After years of anticipation, Jamaican filmmaker Selena Blake recently announced the opening of her much talked about documentary about Jamaica’s homosexual community titled “Taboo…Yardies.”

Promoted as a film that “represents the voice of those LGBTQ Jamaicans who are often publically ridiculed and beaten in the streets by angry mobs,” Blake’s expose offers “a cultural exploration of the influence of western religion, the lasting effect of colonization, misogyny and fear of the unknown.”

Slated to begin at 7:30 p.m. on May 1 at the Faison Firehouse, 6 Hancock Place, (between 125th & Morningside Ave.) in Harlem, the film about the stories of “Jamaican people who have long suffered from brutal treatment by their fellow Jamaicans and a political system that offers little protection” will be screened at the same time throughout the weekend with a matinee at 3 p.m. on Sunday.

According to Blake, “The documentary is a searing, at times poignant depiction of the myriad of perspectives surrounding the topic of intolerance and violence towards same gender loving (SGL) lesbians, gays, bisexuals and transgender living in Jamaica.”

The film has already been screened in Jamaica.

It was received “amid heated anti-homosexual protest, prompting media attention and open discussions on the Human Rights of the SGL/LGBT community in Jamaica.” Regardless of which side of the lifestyle one advocates, “Taboo…Yardies” is sure to trigger controversy and at the very least spark conversation. Reportedly, a portion of the proceeds from the opening night reception will help fund LGBTQ safe space charities in Jamaica; Quality Citizenship Jamaica (JCL).

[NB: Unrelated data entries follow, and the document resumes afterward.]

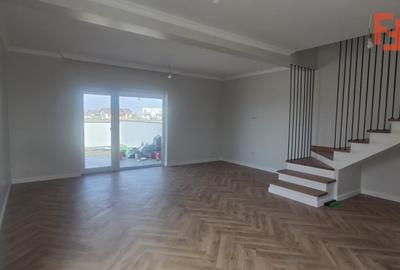 Duplex cu 4 camere cu Canalizare în Moșnița Nouă - 5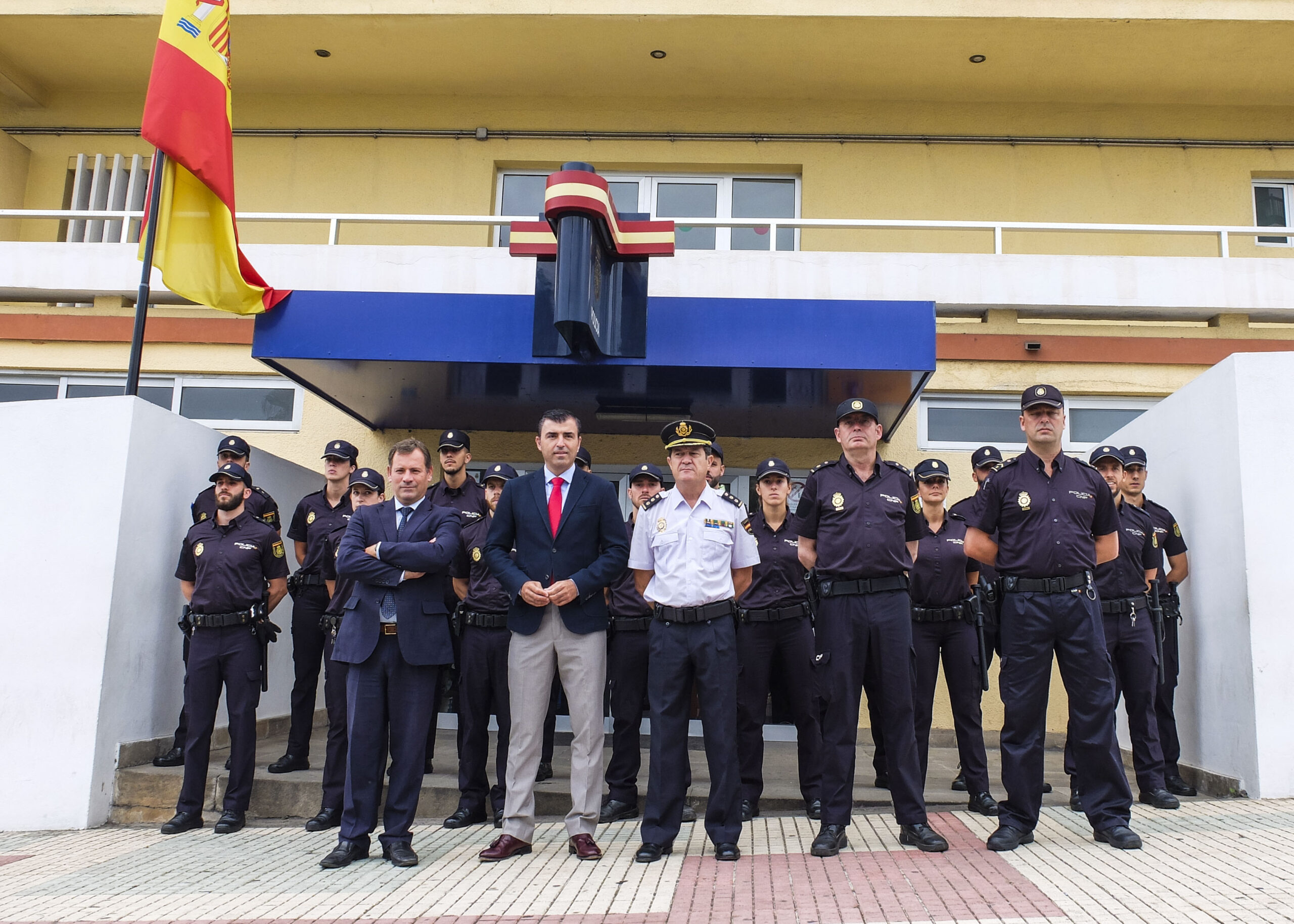 NIE NUMBER OFFICERS HAVING THERE PHOTO TAKEN IN TENERIFE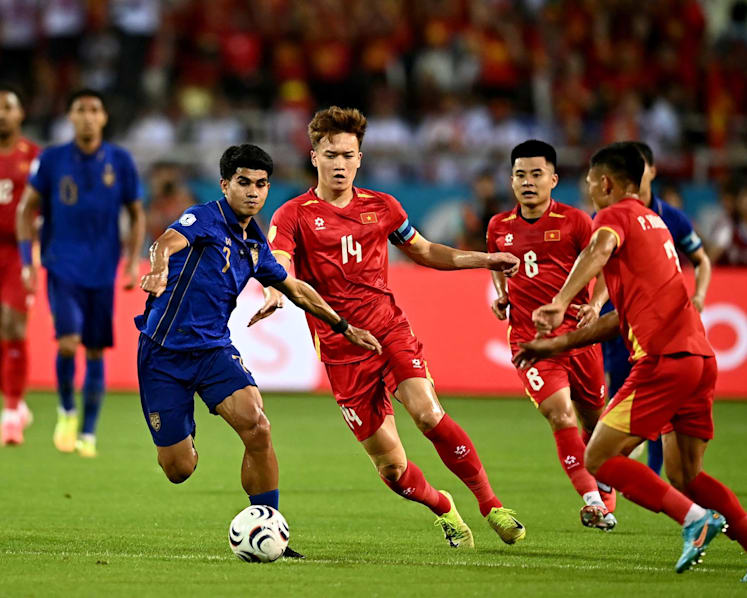 Vietnam seal fourth ASEAN crown with 4-2 aggregate win over Thailand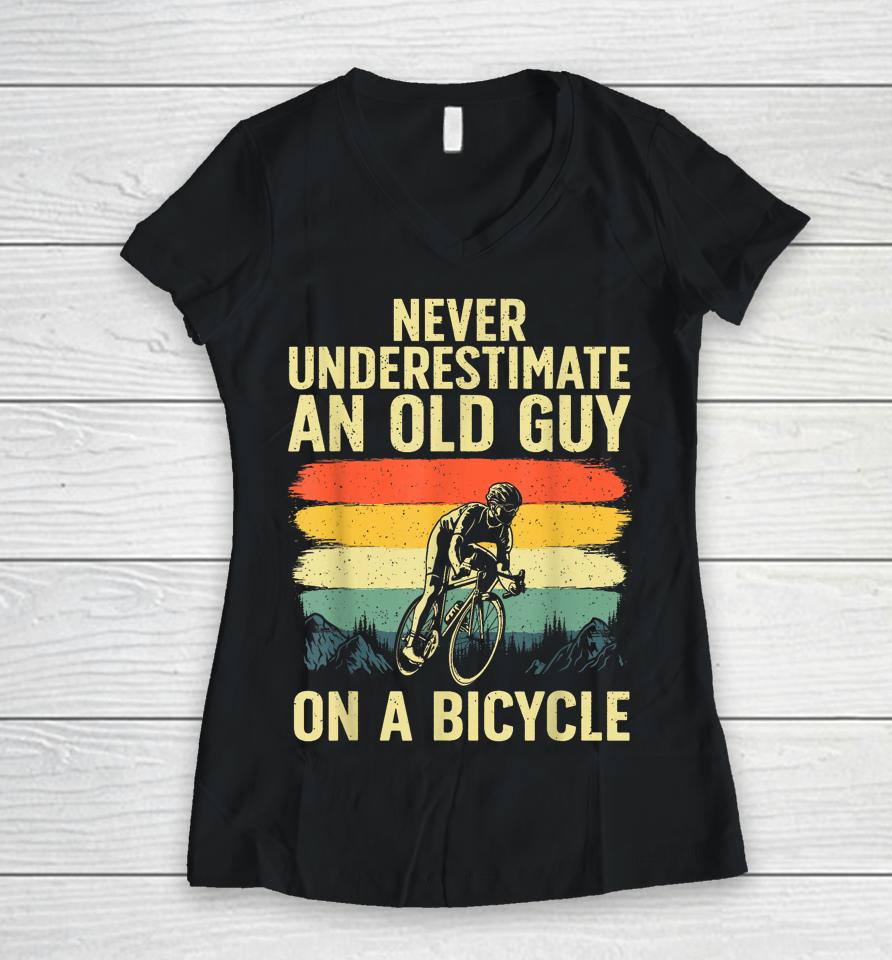 Cool Cycling Art For Men Grandpa Bicycle Riding Cycle Racing Women V-Neck T-Shirt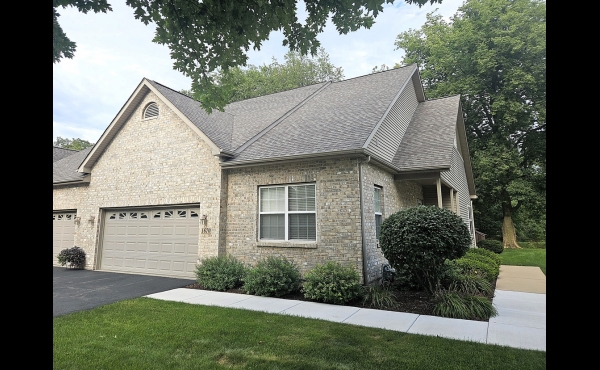 3BR 3BA Townhouse in Overlook Gardens!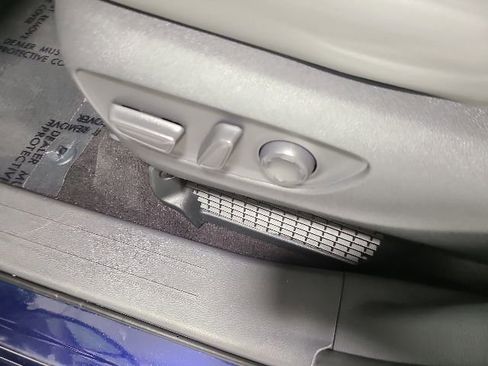 Certified 2021 Toyota Sienna XLE FWD image 20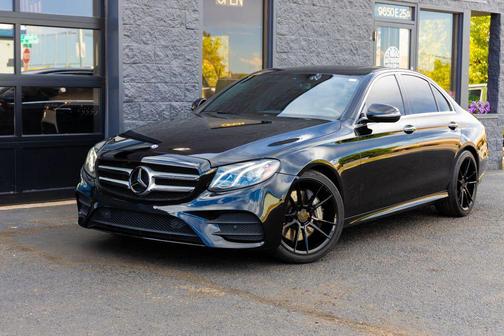 2017 Mercedes-Benz E-Class E 300 4MATIC Sedan 4D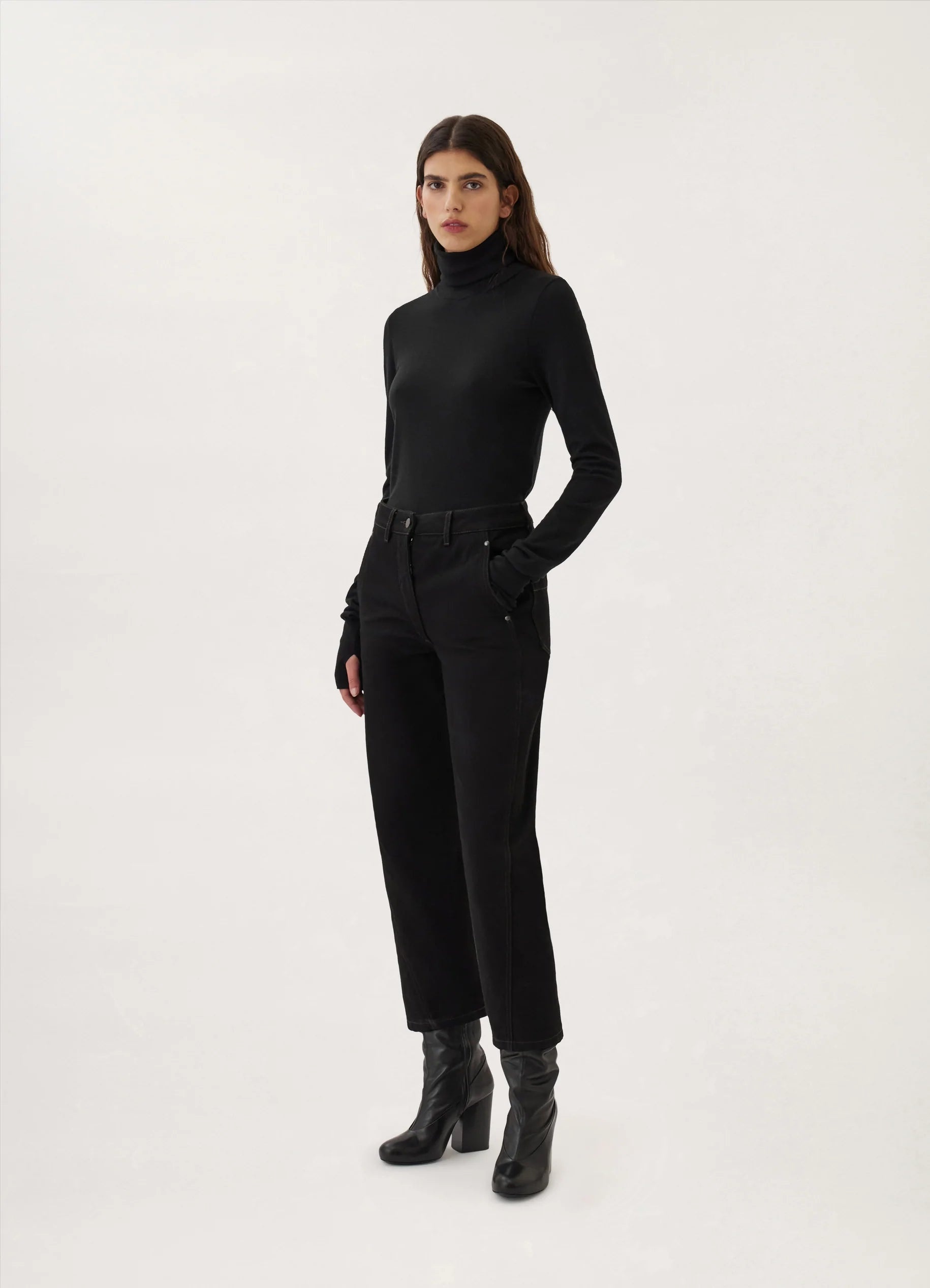 DENIM TWISTED PANTS
BLACK DENIM - 4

“HOLLER” TUPAC MUSICAL GETS MAY DATE ON BROADWAY

Another musical tribute to a legendary entertainer hails hip-hop icon Tupac Shakur in a presentation beginning on May 29 billed “Holler If Ya Hear Me.” Slated for the Palace Theatre, 1564 Broadway at 47th St. the newest musical tome adds to critically acclaimed bio-musicals to herald Motown, Carole King, Janis Joplin and Liberace. Inspired by the lyrics penned by the hip-hop proponent, the new Broadway musical written by Todd Kreidler is directed by Kenny Leon, the director who is also enjoying acclaim with his dramatic direction of Denzel Washington’s lead character in “A Raisin In The Sun.”

Through the poetry of one of the 20th century’s most influential and culturally prominent voices, audiences are given a window into realities of the streets still relevant today.

The “non-biographical story about friendship, family, revenge, change and hope” will also tap into individual stories about “inner city lives struggle for peace against the daily challenges they face in this entertaining and original musical.

25 YEARS OF TRIBUTES TO THE ANCESTORS

It has been a quarter of a century since The People of the Sun Middle Passage Collective started marking the historic but tragic sea voyage Africans endured crossing the Middle Passage to America.

On May 3, 2014, a pictorial display and spoken word event will celebrate 25 years of paying tribute to the Ancestors of the Middle Passage. Slated to be held at Medgar Evers College, EOJ Auditorium at 1638 Bedford Ave. (Medgar Evers Lane & Carroll Street) performances begin at noon.

Featuring a photo exhibition by Akeem and Reelz; spoken word performances by poets Ngoma, Osagyefo, Ras Atiba, Nena Blue, EKG, Osuntoyin, Poetry Flow, Her New She, James Gregory, Jessica Clarke, Finessa, Lyrisis, Imani Parker, Menes De Griot backed by Shanto, New Generation, Jelani Akeem, Jibri Akeem, Wayne Russell, Hermina, Jordan Franklin and other cultural entertainers, the program is slated to end at 8:00 p.m.